I'm fascinated by the notion that each road in America is somehow connected to the rest-that less than a mile from my driveway, there is an on-ramp that can eventually take me anywhere from Fresno to Florida. I think the single most underappreciated thing that the federal government has ever done is to give federal, state and local government agencies the responsibility of constructing roads and highways. If not for that decision, automobile manufacturers would have had to construct roads for their vehicles, just as 19th-century railroad corporations had to set their own tracks.

Both the U.S. and the interstate highway systems provide far-reaching networks of roads, serving nearly all major cities, but the two systems are well out of date. In many areas, interstates have replaced U.S. highway routes, but even in areas where it remains in its original 1926 configuration, the U.S. highway system is anachronistic. The roads are narrow and stop in many small towns along their routes.

The interstate system was designed and planned nearly 60 years ago and is now showing its age. Roads are filled to and well beyond capacity. The recent repeal of the national 55 mile-per-hour speed limit seems pointless in areas where traffic is at a standstill. Signs advertising 65- or 75-mph limits are at times almost humorous as traffic crawls by drivers.

Interstate bypasses of many major cities have been built up to the point of almost total congestion. Such corridors have been constructed so rapidly and to such an extent that widening the roads there would require the government to acquire citizens' private property via eminent domain laws. Moreover, in many East Coast cities-most notably Boston, Hartford and the Baltimore/Washington, D.C. area-due to local opposition, the interstate system was never constructed as designed.
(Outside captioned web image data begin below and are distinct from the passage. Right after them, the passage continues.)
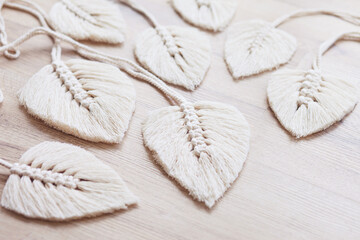 Macrame leaves in natural color on the wooden background. Cotton rope decor macrame to make your home more cozy and unique. Woman hobby.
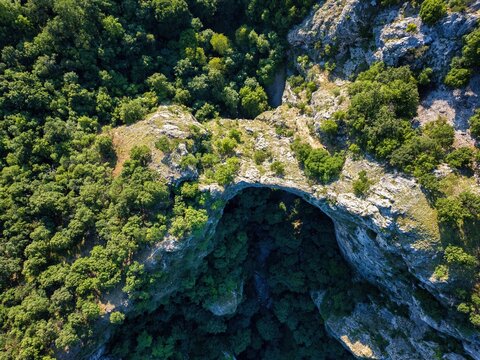Drone view showing Vratna caves natural arch and entrance surrounded by trees in Serbia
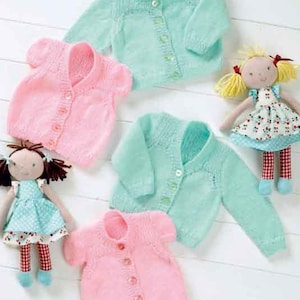Può includere: Diversi cardigan per neonati in maglia, rosa e verde menta, con bottoni. Sono presenti anche due bambole fatte a mano con vestiti di stoffa.
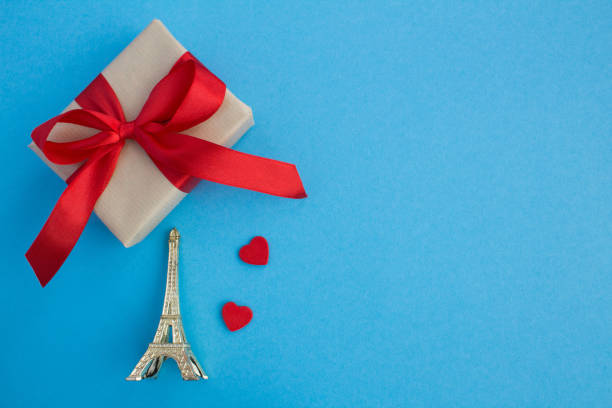 istock Gift with red bow,two small red hearts and eiffel tower souvenir on the blue background 1306180212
The government must make a concerted effort to improve the national highway system. Projects like the infamous "Big Dig"-a $14 billion project to upgrade the central artery in Boston and add a third harbor tunnel-and Phoenix's construction of beltway loops have shown that highway improvement has enough public support to counteract the high costs and criticisms. But these spot improvements are just that-spot improvements. They do not reflect any long-range planning or larger direction beyond improving one road at a time. No single agency has the authority to designate interstate status-the Federal Highway Administration largely controls the process but has recently been overridden by Congress.
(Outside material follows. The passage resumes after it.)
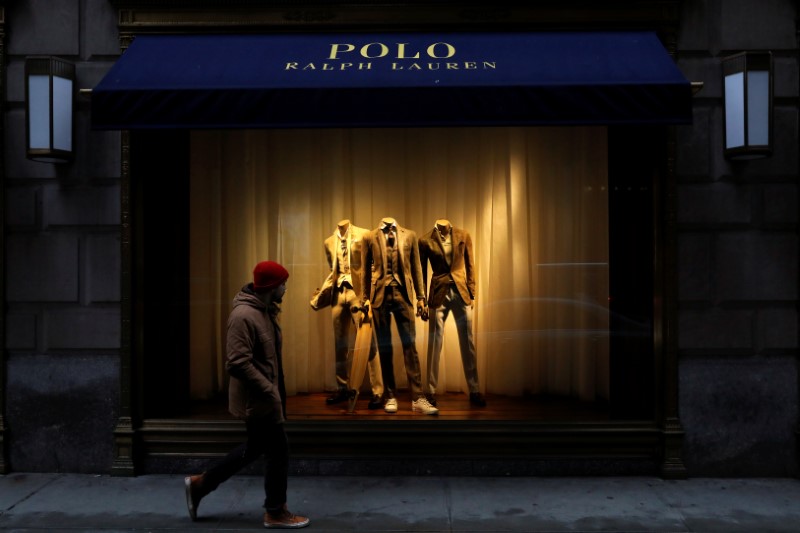 © Reuters. A man walks past Ralph Lauren Corp.'s  flagship Polo store on Fifth Avenue in New York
Larger-scale highway planning has worked in the past. Numerous highways through and near the Appalachian Mountains were planned by the Appalachian Redevelopment Commission (ARC), a government agency founded in 1965. The ARC has designated 3,025 miles in 23 corridors as high-priority for construction. The system is now 85 percent complete, with many portions built as interstate routes and lacking the billion-dollar budget inflations that one might expect. The broad planning of the system, rather than road-by-road consideration of improvements, has allowed for greater control over resources.
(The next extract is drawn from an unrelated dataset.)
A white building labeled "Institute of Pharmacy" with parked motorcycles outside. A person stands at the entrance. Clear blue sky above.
At a time when rumblings of war and sluggish economic trends dominate headlines, the importance of highway improvement seems a low priority. However, the interstate system's roots hint at the importance of America's highways. The interstate highway system's full official name is the Dwight D. Eisenhower National System of Interstate and Defense Highways, named for its visionary, who originally saw the plan as a system of defense routes. Eisenhower, while campaigning for president, saw the inadequacy of the nation's road system and initially suggested the system as a method of mobilizing troops and moving resources in case the nation had to defend its homeland during war. Now, under fear of terrorist attack, it might be prudent to reexamine the nation's road system. If a city needs to be evacuated, could the existing roads handle the volume of cars? If the National Guard or the army has to be called to a city for support, wouldn't it be nice if they could actually make it there instead of being stuck in traffic? While these scenarios are admittedly long shots, they are worth considering.

Like it or not, cars are here to stay. Roads are likely to be the backbone of American transit for generations to come. But by reducing highway congestion and cutting the average commuting time by say, 20 percent, a marked decrease in consumer gas consumption would follow, resulting in both economic and environmental benefits, which, though small, would be tangible.

A national highway improvement plan would not need to add another 42,787 miles (the total mileage of the interstate system) of roads, but by expanding some existing roads, rerouting traffic where necessary by renumbering roads-a temporary swap of the I-95 and I-495 designations in Delaware improved travel times by over 15 minutes-and building a few new miles of road, countless hours of headaches could be avoided.